Although u know u shouldn’t as it can make an ass out of u and me

When u retire u intend to take out an annuity, that assumes the market hasn’t crashed just before u buy or that interest rates aren’t near to their low.

The present day proposition.

By Sam Benstead from interactive investor

How much do annuities pay ?


Annuity rates are typically greater than gilt yields, as investors pay a lump sum and generally do not receive their money back at the end of their annuity policy. Annuity rates are higher for older buyers and lower for younger buyers, as the length of the term will likely be longer.

A standard single life, no-guarantee annuity rate for a 65-year old is now around 7.13%, or £7,130 a year per every £100,000 saved, according to Sharing Pensions, an annuity comparison site.

This means that a £500,000 lump sum would deliver an income of £35,650 a year until death, with no link to inflation. Annuity rates will vary depending on the provider, the age of the customer, and changes in interest rates.

In contrast, a gilt maturing in 20 years – which would be a typical annuity length for someone retiring at 65 and living until 85, yields 4.5%. This means £500,000 invested in a bond issued by the UK government, trading at its par value, would deliver an equivalent income of £22,500 a year. But at the end of the 20-year term the owner would also receive their £500,000 back. The total profit delivered by the gilt would be £450,000 (£22,500 multiplied by 20).
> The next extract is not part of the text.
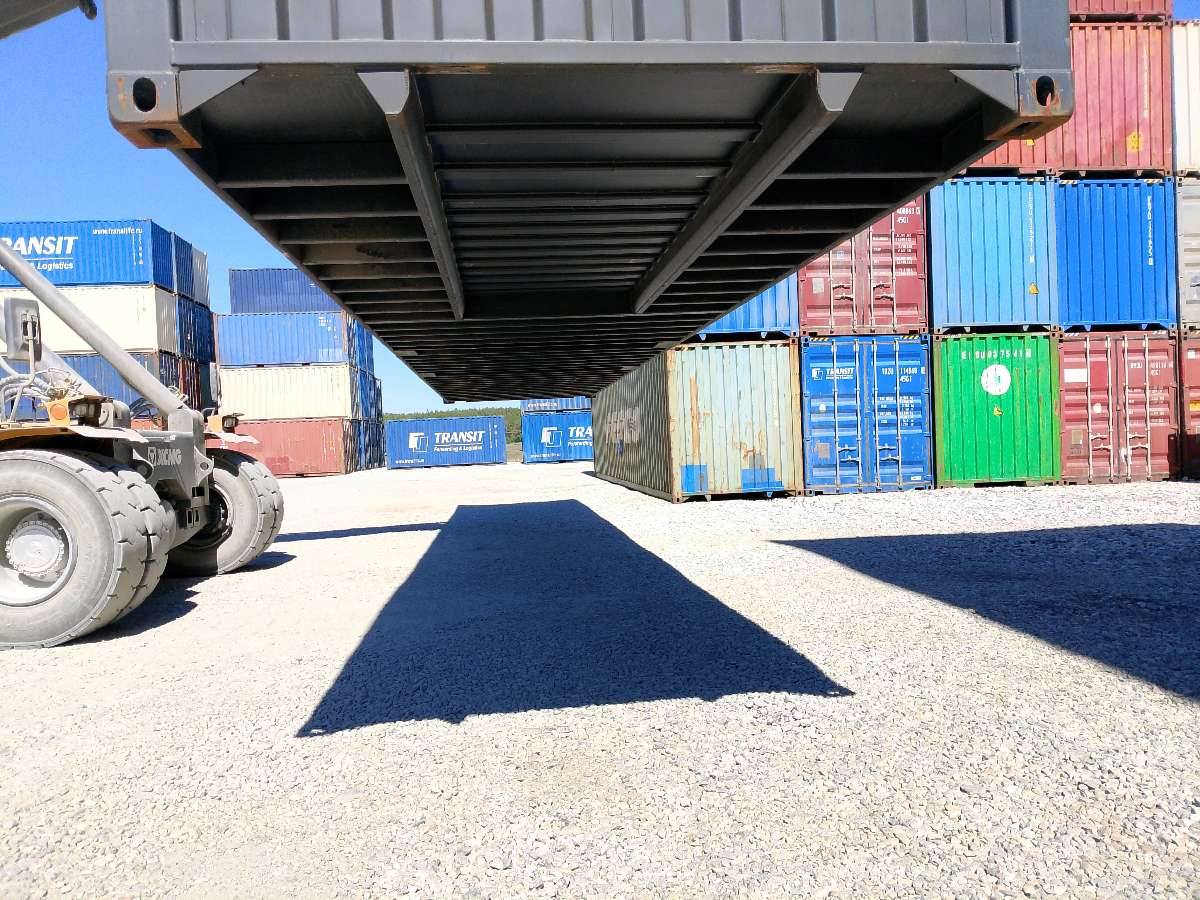 Морской контейнер CICU7491920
On the other hand, the annuity would have paid out £713,000, but minus the £500,000 cost of the plan, this would only be a profit of £213,000 – that’s an equivalent annual yield of about 2.15%.

Buying a gilt therefore could offer a substantially better return, with the advantage that it can be sold at any point in the term, which may be triggered by an early death. Annuities don’t come with the same advantage, and deliver a worse return for a typical life span. All subjective to your tax position.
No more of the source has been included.